As ditas "poison pills" brasileiras são diferentes do que se convencionou chamar de poison pill nos Estados Unidos. As americanas são usualmente chamadas de "shareholder rights plans", ou seja, planos que atribuem aos acionistas direitos de aquisição de ações da companhia por preço significativamente inferior ao de mercado.

quinta-feira, 21 de agosto de 2008

Atualizado às 07:43


As poison pills americanas e as supostas poison pills brasileiras

Érica Gorga*

As ditas "poison pills" brasileiras são diferentes do que se convencionou chamar de poison pill nos Estados Unidos. As americanas são usualmente chamadas de "shareholder rights plans", ou seja, planos que atribuem aos acionistas direitos de aquisição de ações da companhia por preço significativamente inferior ao de mercado. Tais direitos poderão ser exercidos somente se alguém adquirir determinado montante do capital da companhia (digamos 10% ou 15%). Como o adquirente é automaticamente excluído do plano de direitos de acionistas, o efeito é que suas ações serão diluídas significativamente, impedindo-se, então, a tomada de controle. Assim, pode-se dizer que as poison pills americanas permitem a emissão de ações não com a finalidade pura e simples de aumentar o capital da companhia para suprir necessidades de financiamento, mas com o objetivo de barrar tomadas de controle hostis. Elas, portanto, desencorajam a compra de grandes blocos de ações sem autorização prévia do conselho de administração da companhia-alvo, já que somente o conselho poderá suspender o seu funcionamento.

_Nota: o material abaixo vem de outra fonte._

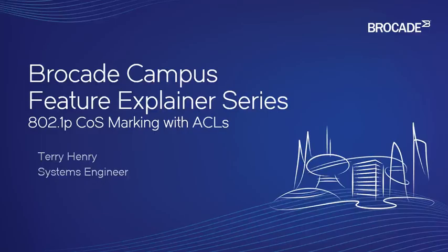Hi, welcome to the Brocade Campus Feature Explainer Series. I'm Terry Henry. Today we're going to talk about how to mark incoming traffic with a particular 802.1p class of service priority using an ACL.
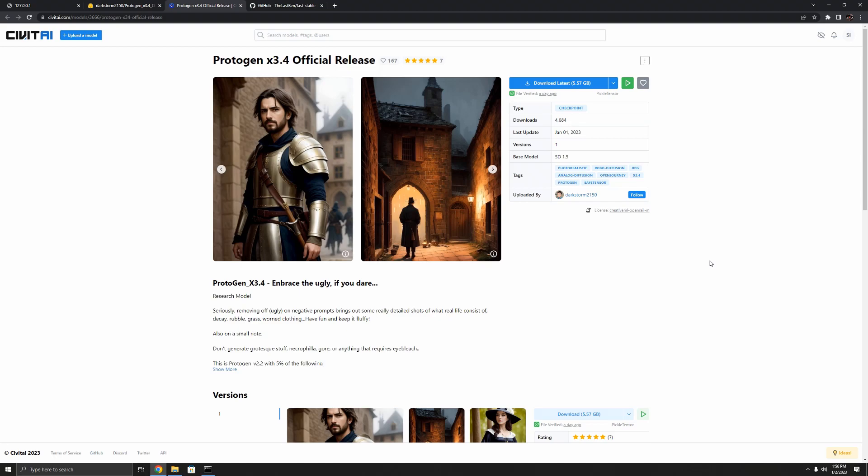Protogen x3.4 just dropped, let's check it out. What's up world, Step here back with another video and today we're checking out Protogen x3.4 as it just dropped. A lot of people are talking about this model, it's all over Reddit.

As erroneamente chamadas "poison pills brasileiras", na verdade, são conhecidas como mandatory tender offers lá fora, também funcionando como defesas contra aquisição hostil de controle. Analisamos recentemente os estatutos de 84 companhias do Nível 1, do Nível 2 e do Novo Mercado que não possuíam acionistas com mais de 50% das ações ordinárias. Isso porque somente faz sentido a adoção de defesas contra tomadas de controle hostis por companhias que não possuam controladores, já que estes podem barrar aquisições de controle por sua mera vontade, votando a maioria das ações na AG. O estudo revelou que 56% das companhias da amostra incluem defesas contra tomadas de controle nos seus estatutos. Dois tipos de defesas foram identificadas. A tipo A estabelece que, uma vez que determinado montante de ações é adquirido, o adquirente será obrigado a realizar uma oferta pública para aquisição da totalidade de ações da companhia. O gatilho de disparo de tal obrigação varia entre 10% a 35% das ações. A tipo B estabelece que alguém que queira adquirir mais ações da companhia, além de um determinado gatilho (que varia de 5% a 30% das ações) deverá comunicar sua intenção ao Diretor de Relações com Investidores e ao Diretor de Pregão da bolsa para que um leilão de compra seja organizado, sendo vedadas aquisições privadas ou em mercado de balcão. O estudo mostra que aproximadamente 37% das companhias adotam exclusivamente a defesa tipo A e 14% adotam o tipo A juntamente com o tipo B. Só quatro companhias adotam exclusivamente o tipo B. A maioria das companhias que adota a defesa tipo A usa o gatilho de 20% e a maioria que adota o tipo B usa o gatilho de 10%.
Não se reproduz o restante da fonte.